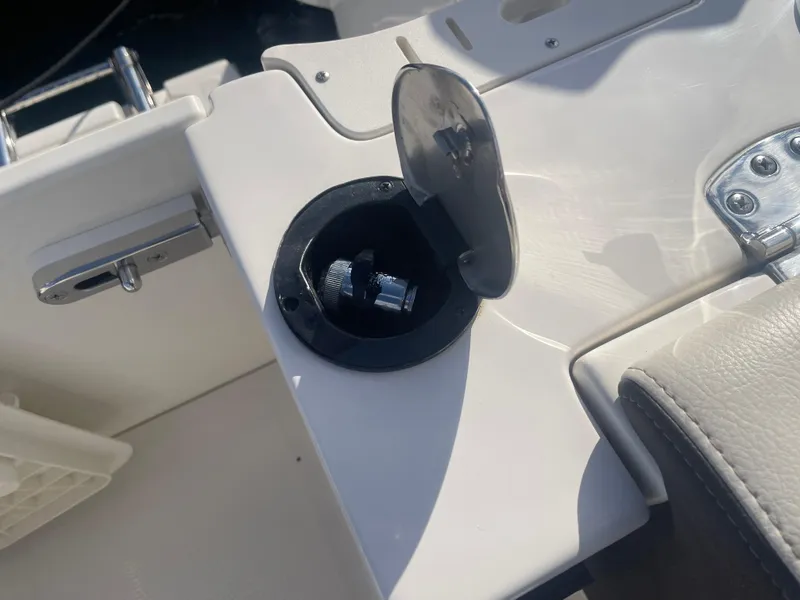 Slide: The Image of 2023 Sailfish 245 DC boat fuel cap with open cover in sunlight. - 47
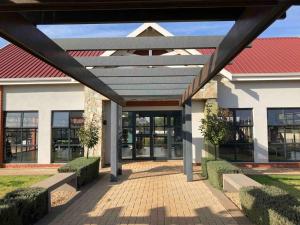 a large building with a red roof and a walkway at Luxury 1bed Serengeti OliveWood ORT Airport in Kempton Park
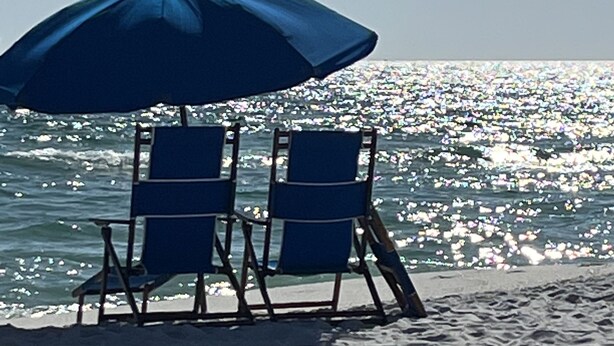 Two beach chairs under a blue umbrella on a sandy beach with a view of the ocean.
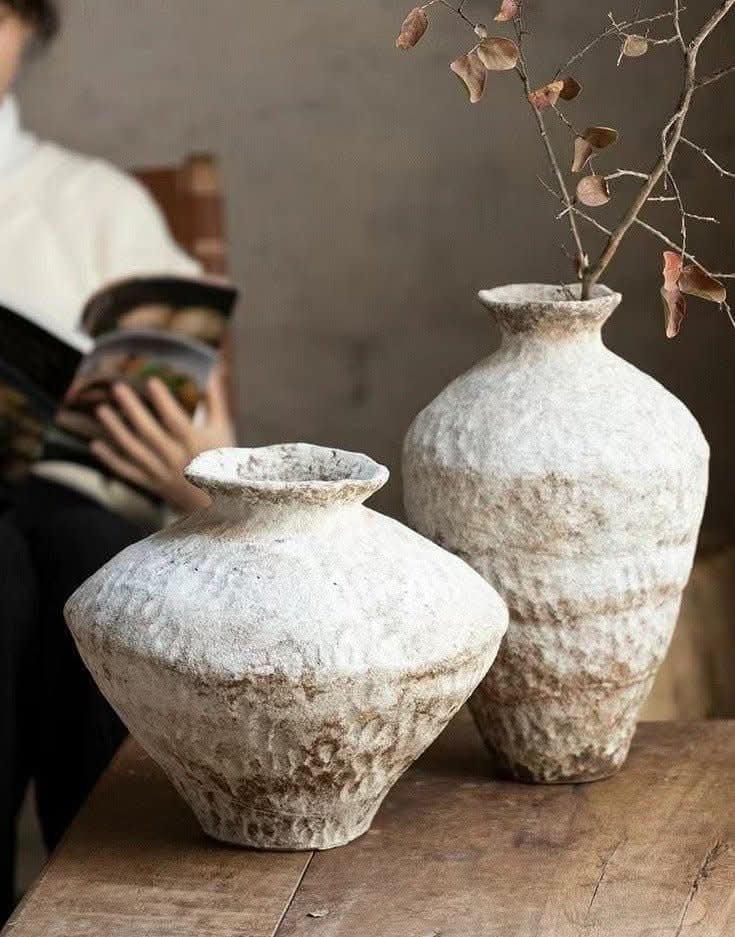 Wabi-Sabi White Distressed Rustic Vases: textured, off-white ceramic home decor on a wooden surface.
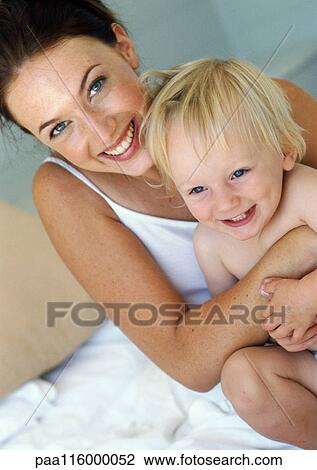 Mother hugging baby, smiling View Large Photo Image Stock Image - Mother hugging baby, smiling. Fotosearch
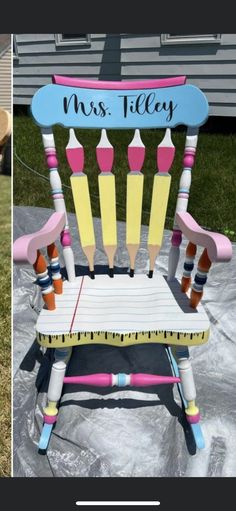 a child's rocking chair with crayons on it and the name mrs tilley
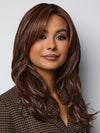 Model is wearing MARGO in color GLAZED AUBURN R | Stunning fusion of deep red, medium copper, and dark chocolate root.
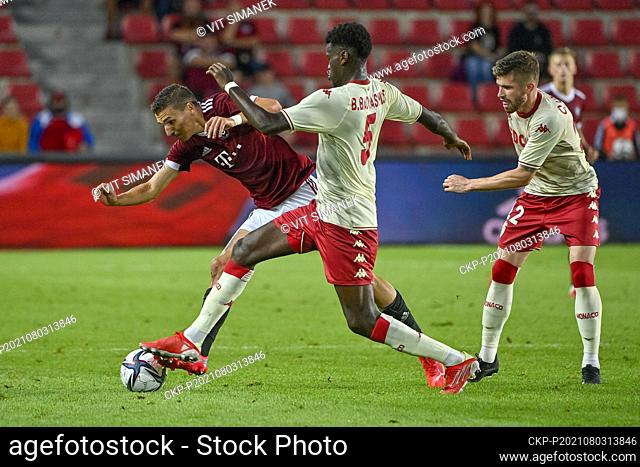 L-R David Pavelka of Sparta and Benoit Badiashile, Caio Henrique, both of Monako in action during the UEFA Champions League 3rd qualifying round soccer match AC...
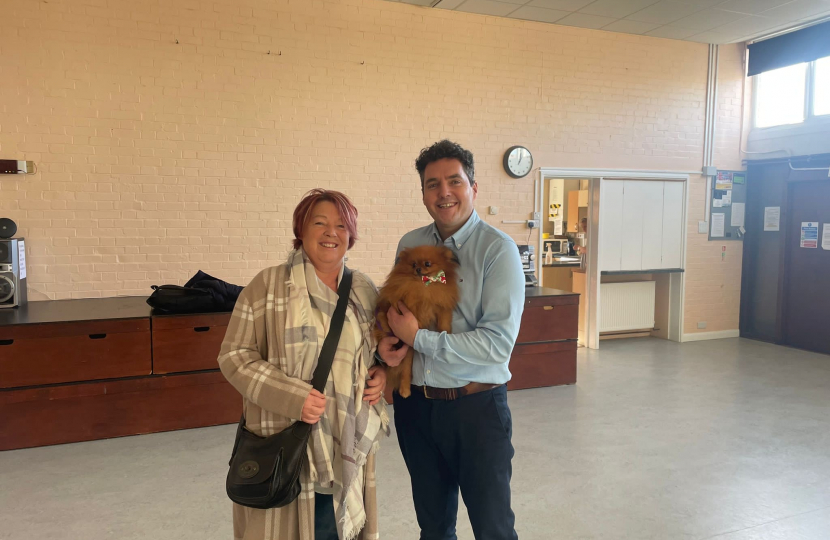 Huw with local dog owner in church hall 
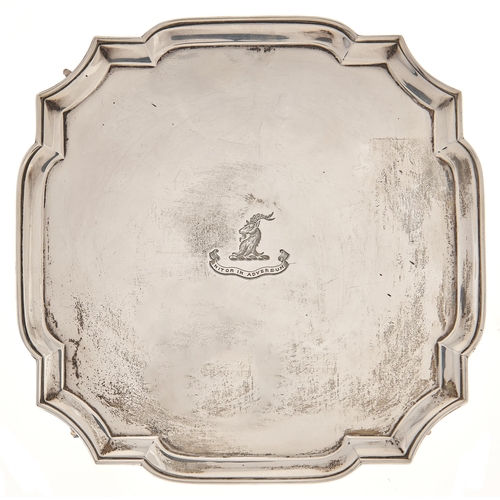 Appraisal: An Edward VIII shaped square silver waiter on claw and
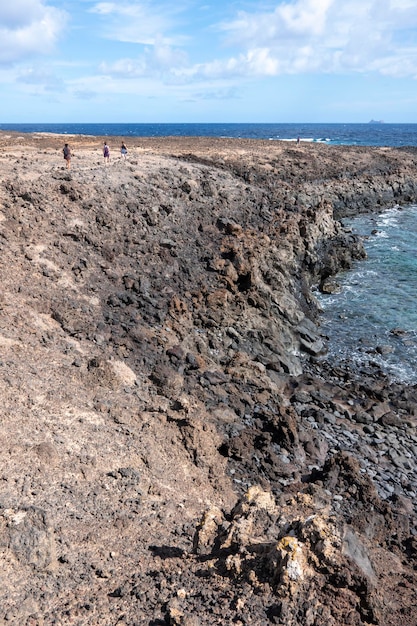 Group of friends hiking along the cliffs and unspoiled beaches on the island of La Graciosa, Canary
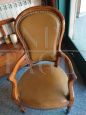 Antique armchair in walnut covered in leather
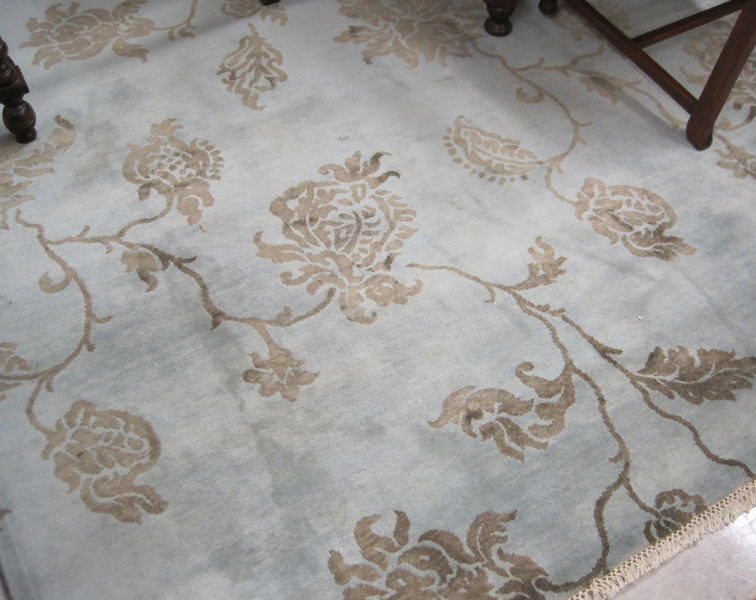 Appraisal: HAND KNOTTED ORIENTAL CARPET overall floral pattern in taupe silhouette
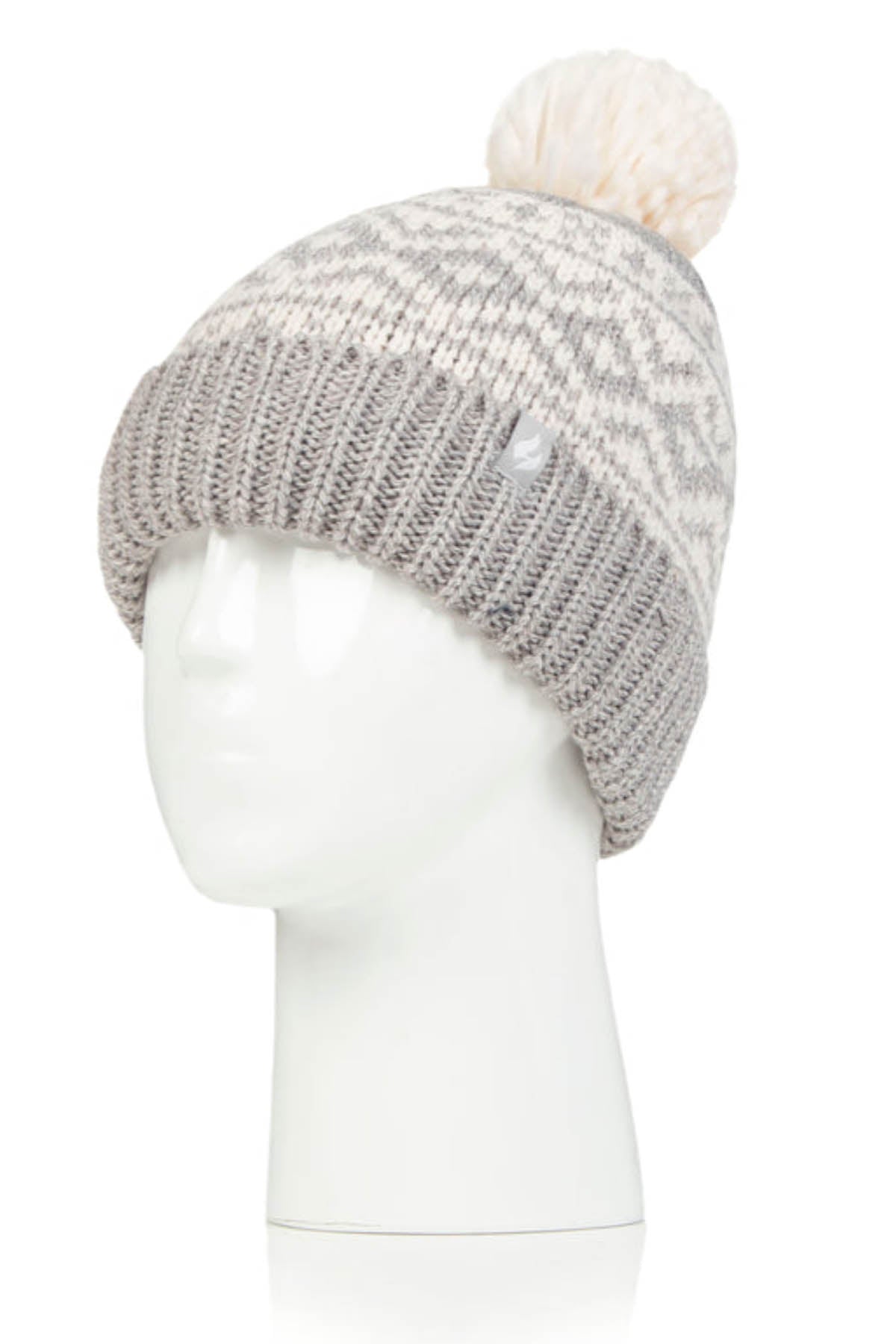 A white mannequin head showcases the Heat Holders Aspen Pom Pom Turn Over Ladies Thermal Beanie, which features a knitted design with a folded, ribbed grey brim and a patterned light grey and cream-colored top. The look is completed with a fluffy cream pom-pom on top.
# # # # # # #
■ Task to complete
Copy exactly the lines from the line that holds "Model is wearing" to the end of the listing, both included. Leave the pictures out.

■ Response to this task
 Model is wearing MARGO in color GLAZED AUBURN R | Stunning fusion of deep red, medium copper, and dark chocolate root.
 L-R David Pavelka of Sparta and Benoit Badiashile, Caio Henrique, both of Monako in action during the UEFA Champions League 3rd qualifying round soccer match AC...
 Huw with local dog owner in church hall 
 Appraisal: An Edward VIII shaped square silver waiter on claw and
 Group of friends hiking along the cliffs and unspoiled beaches on the island of La Graciosa, Canary
 Antique armchair in walnut covered in leather
 Appraisal: HAND KNOTTED ORIENTAL CARPET overall floral pattern in taupe silhouette
 A white mannequin head showcases the Heat Holders Aspen Pom Pom Turn Over Ladies Thermal Beanie, which features a knitted design with a folded, ribbed grey brim and a patterned light grey and cream-colored top. The look is completed with a fluffy cream pom-pom on top.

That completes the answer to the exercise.